Doch ist der Befreier vom Tod ja erstanden,

ist schon auferstanden

und ruft uns jetzt alle

zur Auferstehung auf Erden,

zum Aufstand gegen die Herren,

die mit dem Tod uns regieren...


Unbeirrbares, beharrliches Eintreten für Recht und Gerechtigkeit, Barmherzigkeit und Liebe - das ist jetzt dran, alles andere ist überholt, ist von gestern. Wir brauchen dabei nie mehr zu resignieren – denn wer auf der Seite Jesu ist, ist auf der Seite des Siegers.


IV


Und wie wird das dann einmal mit unserer eigenen Auferweckung aus dem Tode sein?

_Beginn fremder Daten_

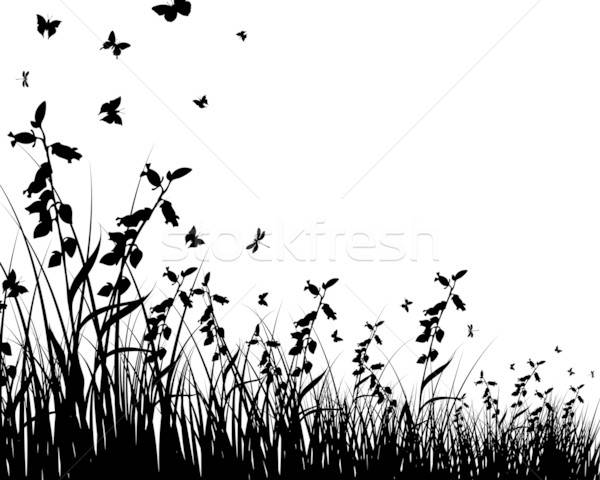 meadow silhouettes Stock photo © angelp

Christus ist der „Erstling der Entschlafenen“, sagt Paulus. Erstlinge, das waren im biblischen Israel die ersten Früchte, die geerntet wurden. Man brachte sie Gott dar und sagte damit: Das, was ich dir, Gott, jetzt darbringe, das bringe ich im Wissen und Gedenken daran, dass nun noch viele weiteren Früchte folgen, all das, womit du mich beschenkst, und was ich als dein Geschenk annehme.


Christus der Erstling, das heisst also: Weil er auferstanden ist, darum folgen nun auch wir. Das Leben, in dem er schon ist, erwartet nun auch uns, uns, die jetzt im Glauben an ihn

leben. Wir werden in einer neuen, makellosen Leiblichkeit leben, in einem „Leib herrlichen Glanzes“, wie Paulus ihn einmal (Phil. 3, 21) nennt, wir werden uns und unser Leben ganz bejahen können, werden erkennen: ahc, d a zu diente das ja alles..., wir werden ganz wir selbst in unserer Einmaligkeit sein, wir werden vom Glauben ins Schauen gelangen, werden Gott sehen, wie Er ist: In all seiner Herrlichkeit und Heiligkeit, vor allem aber in seinem masslosen Erbarmen. Wir werden Christus gleich sein.